Class-5 telephone switch
A Class-5 telephone switch is a telephone switch or telephone exchange in the public switched telephone network located at the local telephone company's central office, directly serving subscribers. Class-5 switch services include basic dial-tone, calling features, and additional digital and data services to subscribers connected to a local loop.
Telephone switching hierarchy
In order to organize direct distance dialing (DDD) American Telephone & Telegraph divided the various switches in the U.S. public switched telephone network (PSTN) into an "office classification" hierarchy containing five levels (classes).
- Class-1 exchanges were international gateways, handing off and receiving traffic from outside the US and Canadian networks.
- Class-2 exchanges were tandem exchanges which interconnected regions of the AT&T network.
- Class-3 exchanges were tandem exchanges connecting major population centers within a particular region of the AT&T network.

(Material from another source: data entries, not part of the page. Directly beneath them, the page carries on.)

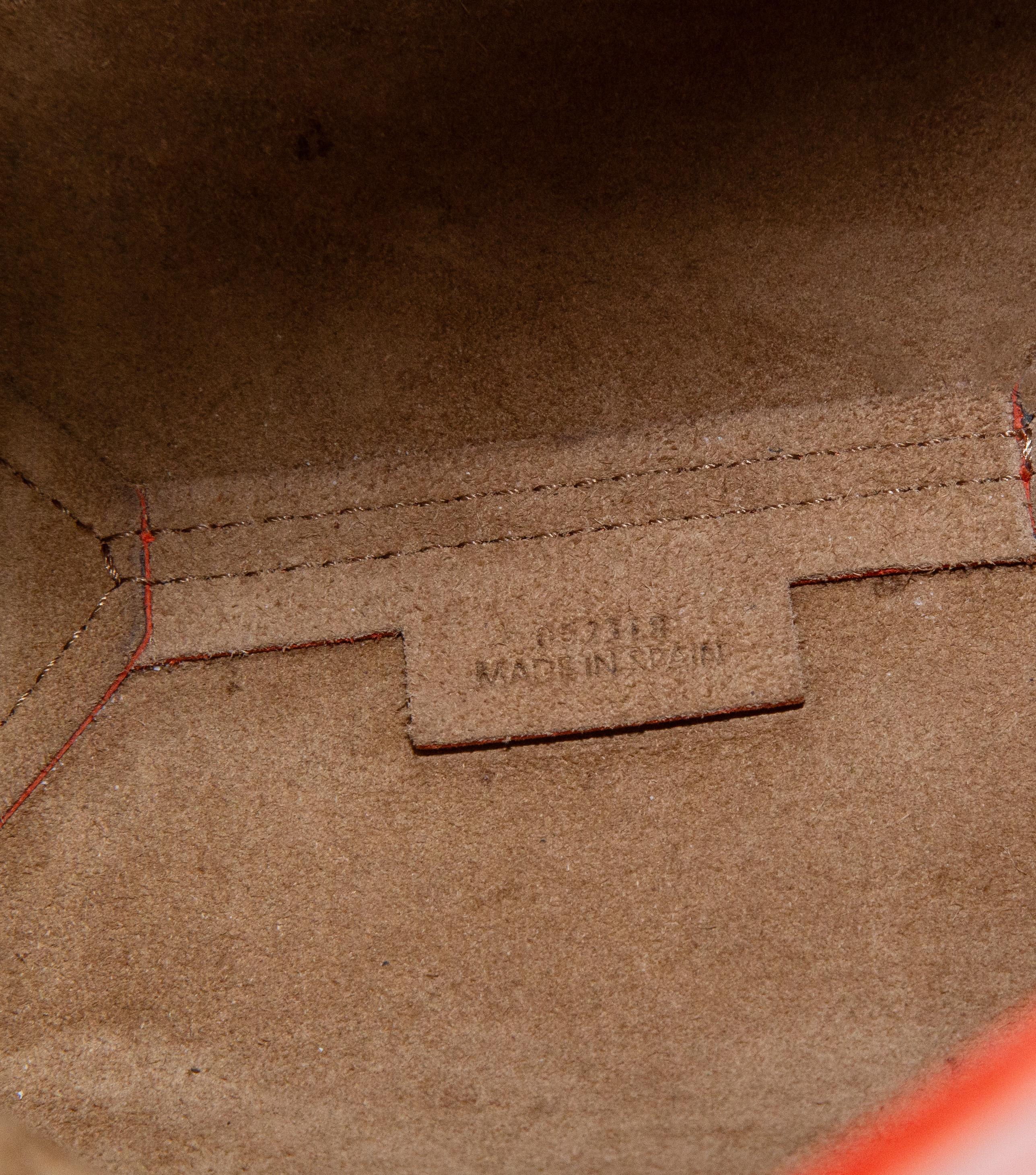 2020s Loewe Puzzle Mini Tote Bag in Red Leather en vente 14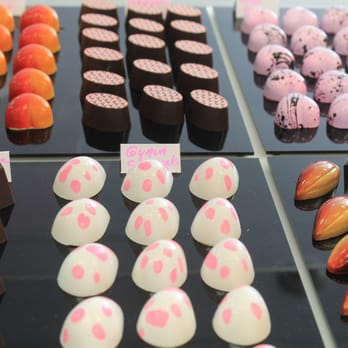 Le Macaron French Pastries - Coffee & Tea Near Me - Estero, Florida Le Macaron French Pastries - Coffee & Tea Near Me - Estero, Florida
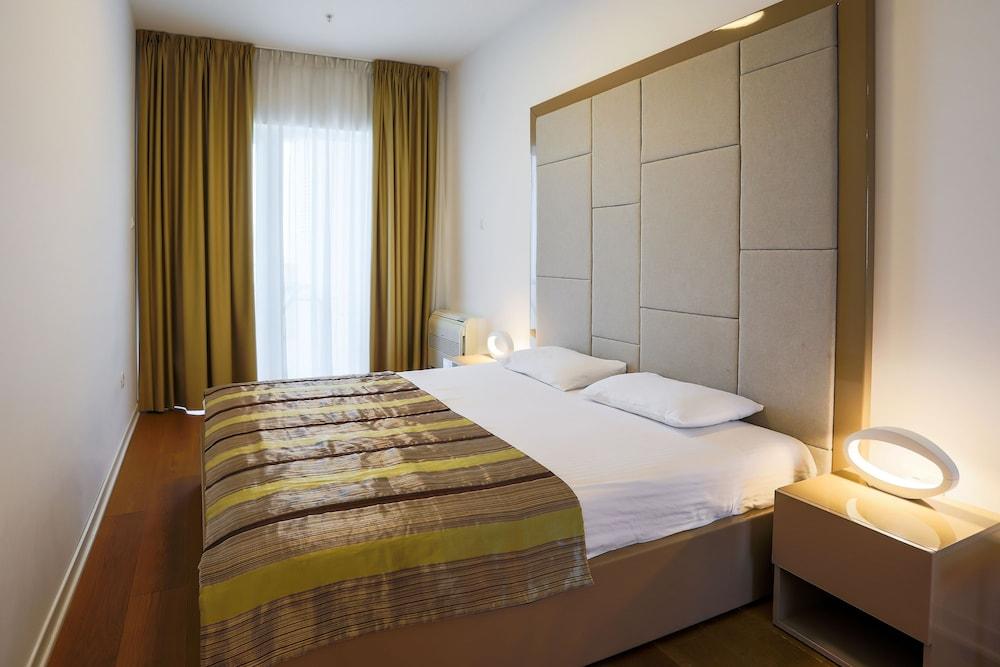 Luxury Apartments Artiani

- Class-4 exchanges were tandem exchanges connecting various areas of a city or towns in a region.
- Class-5 exchanges provide telephone line to subscribers.
In modern times, only the terms Class-4 and Class-5 are much used, as any tandem office is referred to as a Class 4 system. This change was prompted by changes in the power of switches and the relative cost of transmission, both of which tended to flatten the switch hierarchy.
Function
The fundamental difference between Class 5 and the other classes is that a Class-5 switch provides telephone service to customers, and as such is concerned with "subscriber type" activities: generation of dial-tone and other "comfort noises"; handling of network services such as advice of duration and charge etc. Specifically, a class-5 switch provides dial tone, local switching and access to the rest of the network. Class-4 switches do not provide subscriber lines, their role is to route calls between other switches.
Typically a Class-5 switch serves an area of a city, an individual town, or several villages and could serve from several hundred to 100,000 subscribers.
Since the replacement of electromechanical exchanges by modern digital ones, the function of a Class-5 switch in rural areas is often performed by a remote switch or Remote Digital Terminal installed at the original switch site to handle local switching or concentration, respectively. The Class-5 switching infrastructure is then physically located in a larger population center. Urban areas with extensive underground plant tend to keep the classic Class-5 office architecture.
Hardware
When the office classification system for DDD was established, the principal designs in use for Class-5 in the US were Strowger-type step-by-step systems, Panel switches, and crossbar systems. 5XB crossbar switches were installed in large numbers in the 1950s and 60s, and 1ESS switches and variants starting in the 1960s. Most of these systems were removed in the late 20th century, primarily replaced in North America by DMS-10, DMS-100 and 5ESS switches in the Bell operating territories and the GTD-5 EAX in the GTE operating areas. Principal European products include Ericsson AXE telephone exchange, Siemens EWSD and Alcatel-Lucent S12 and E10.
By the turn of the century, US and European service providers continued to upgrade their networks, replacing older DMS-10, DMS-100, 5ESS, GTD-5 and EWSD switches with Voice over IP technology.